Majority of Icelanders Support Strikers Skip to content

Majority of Icelanders Support Strikers

More than half of Icelanders support intended strikes by the unions Efling, VR, the Union of Akranes and the Union of Grindavík, Fréttablaðið reports. The unions have entered into discussions with SA Confederation of Icelandic Enterprise to raise pay among a certain group of their union members. Less than a third of Icelanders are against the strike.

These are the results of a survey conducted by Zenter research. The survey was made on the last day of February and the first day of March, with 1.441 people taking part. All individuals who answered Zenter’s questions were over 18 years of age and their answers were graded on the basis of age, gender and place of residence for the best representation of the nation’s attitudes towards the intended strike.

Union negotiations with the Confederation of Icelandic Enterprise, SA, have reportedly gotten nowhere. Late last week, Efling members who work in cleaning jobs voted on a one day strike, set for next Friday, March 8, with an overwhelming majority supporting the procedure. Reportedly not everyone agrees on whether the voting was legitimately handled or not, a dispute that will be handled by Iceland’s Labour Court. VR union is also planning on intermittent strikes this month, with a full-blown strike planned for the beginning of April should their demands not be be met by that time.

According to Zenter’s survey, about 56% of participants said they supported the union’s actions.

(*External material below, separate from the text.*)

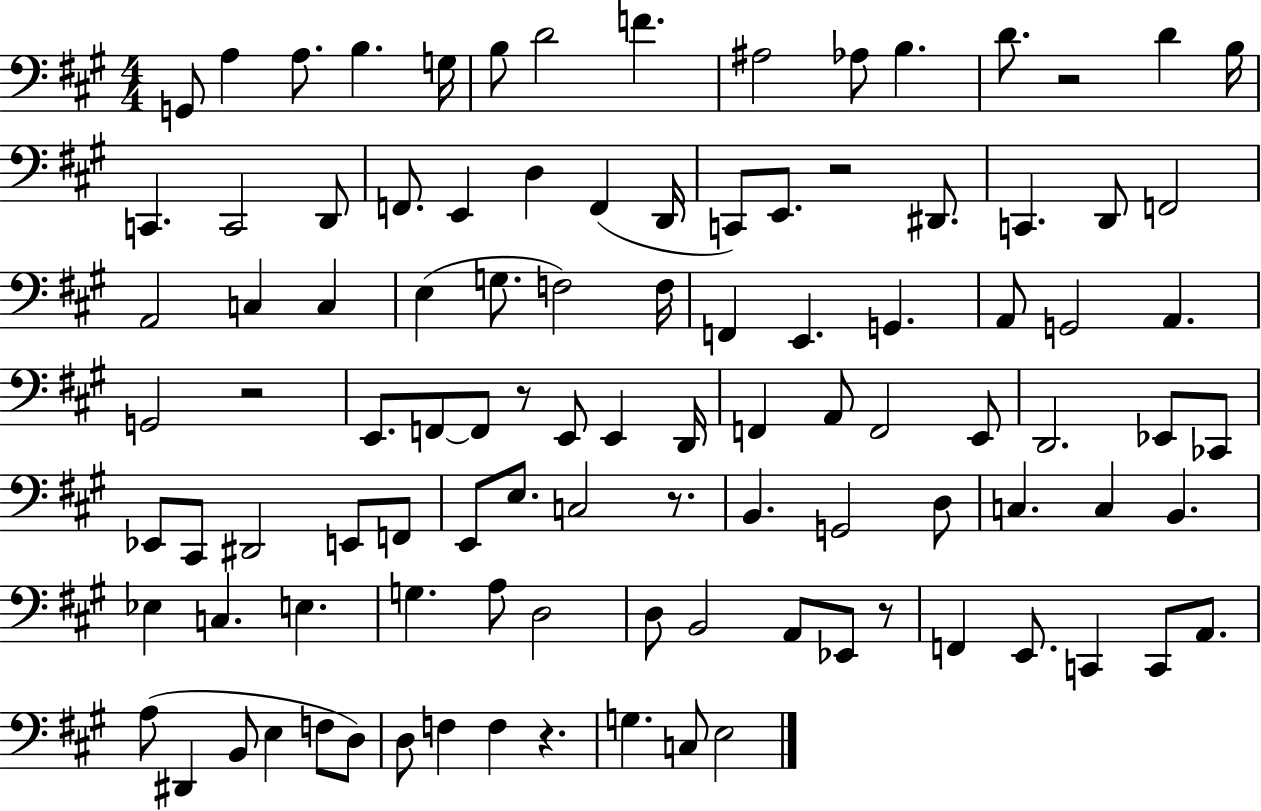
G2/e A3/q A3/e. B3/q. G3/s B3/e D4/h F4/q. A#3/h Ab3/e B3/q. D4/e. R/h D4/q B3/s C2/q. C2/h D2/e F2/e. E2/q D3/q F2/q D2/s C2/e E2/e. R/h D#2/e. C2/q. D2/e F2/h A2/h C3/q C3/q E3/q G3/e. F3/h F3/s F2/q E2/q. G2/q. A2/e G2/h A2/q. G2/h R/h E2/e. F2/e F2/e R/e E2/e E2/q D2/s F2/q A2/e F2/h E2/e D2/h. Eb2/e CES2/e Eb2/e C#2/e D#2/h E2/e F2/e E2/e E3/e. C3/h R/e. B2/q. G2/h D3/e C3/q. C3/q B2/q. Eb3/q C3/q. E3/q. G3/q. A3/e D3/h D3/e B2/h A2/e Eb2/e R/e F2/q E2/e. C2/q C2/e A2/e. A3/e D#2/q B2/e E3/q F3/e D3/e D3/e F3/q F3/q R/q. G3/q. C3/e E3/h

About one in seven people was neither against nor for them and about a third was against them.

The strikes found the biggest support amongst those living in Reykjanes, or about 73% of inhabitants, closely followed by the populace of Northern and Eastern Iceland, where 60% support the intended actions of the unions.

Perhaps unsurprisingly, the head of SA Confederation of Icelandic Enterprise, Halldór Benjamín, downplayed the results of Zenter’s survey. “Considering how much wages have been discussed in the country recently, I’m a little surprised that there isn’t more support for the strikes than we are seeing there,” Halldór said, “especially since most people are expecting someone other than themselves to strike.”

“Strikes in a cooling economy, when capelin fishing is low and our airlines are having a tough time, is very risky business with a very unclear outcome,” Halldór warned.